- [Work to complete] Give back the line in the listing below that contains "Aina al-saatu —" and all remaining lines, retyped exactly, through the last line.
□ □ □
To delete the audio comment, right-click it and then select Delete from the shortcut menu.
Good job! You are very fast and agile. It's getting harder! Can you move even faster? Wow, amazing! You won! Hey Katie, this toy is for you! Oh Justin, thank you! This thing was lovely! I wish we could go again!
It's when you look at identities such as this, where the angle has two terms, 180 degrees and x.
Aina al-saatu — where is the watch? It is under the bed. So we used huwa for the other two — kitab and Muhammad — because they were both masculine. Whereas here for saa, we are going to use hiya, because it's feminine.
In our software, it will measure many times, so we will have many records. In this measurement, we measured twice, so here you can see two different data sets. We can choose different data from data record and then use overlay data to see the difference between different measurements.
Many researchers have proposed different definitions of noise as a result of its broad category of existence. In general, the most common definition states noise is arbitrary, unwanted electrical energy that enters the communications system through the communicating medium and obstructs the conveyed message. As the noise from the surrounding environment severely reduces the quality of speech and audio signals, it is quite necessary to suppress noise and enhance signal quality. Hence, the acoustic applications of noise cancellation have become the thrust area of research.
□ □ □
- [Result of the exercise]
Aina al-saatu — where is the watch? It is under the bed. So we used huwa for the other two — kitab and Muhammad — because they were both masculine. Whereas here for saa, we are going to use hiya, because it's feminine.
In our software, it will measure many times, so we will have many records. In this measurement, we measured twice, so here you can see two different data sets. We can choose different data from data record and then use overlay data to see the difference between different measurements.
Many researchers have proposed different definitions of noise as a result of its broad category of existence. In general, the most common definition states noise is arbitrary, unwanted electrical energy that enters the communications system through the communicating medium and obstructs the conveyed message. As the noise from the surrounding environment severely reduces the quality of speech and audio signals, it is quite necessary to suppress noise and enhance signal quality. Hence, the acoustic applications of noise cancellation have become the thrust area of research.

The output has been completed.